-- Problem requirements --
Pictures stay out, but every line of the data is copied exactly.

-- Stored data follows --

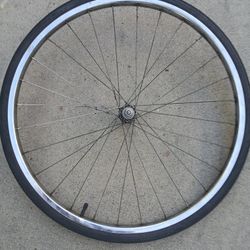 24 INCH STEEL SCHIWWN VINTAGE RIM 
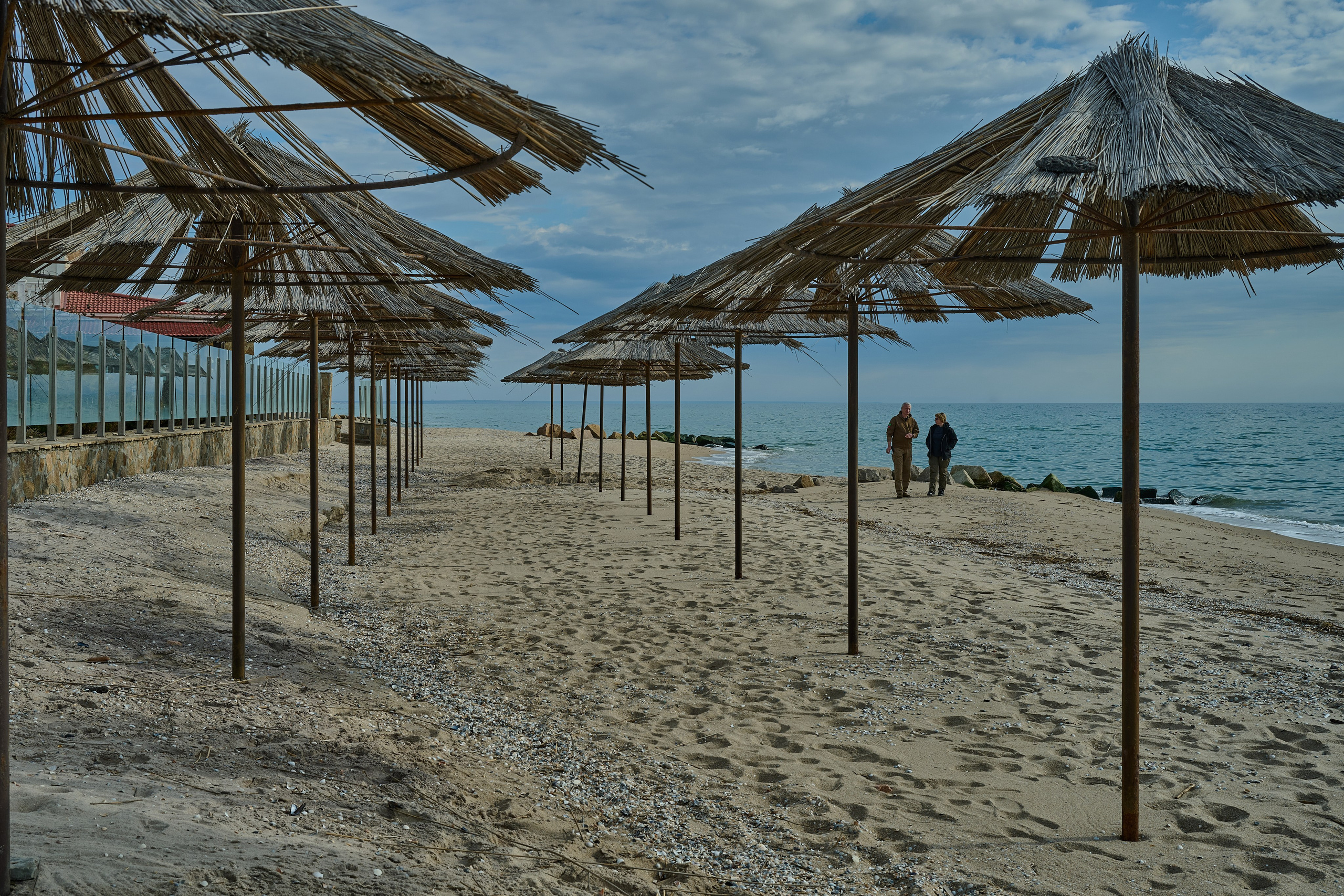 Мелитополь. Фотопроект «Территории»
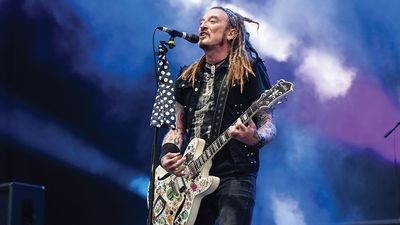“I won’t go through treatment. I’ve lived the life of 10 men and will die with dignity”: The Wildhearts frontman Ginger Wildheart reveals cancer diagnosis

-- Stored data concluded --

-- Result --
 24 INCH STEEL SCHIWWN VINTAGE RIM 
 Мелитополь. Фотопроект «Территории»
“I won’t go through treatment. I’ve lived the life of 10 men and will die with dignity”: The Wildhearts frontman Ginger Wildheart reveals cancer diagnosis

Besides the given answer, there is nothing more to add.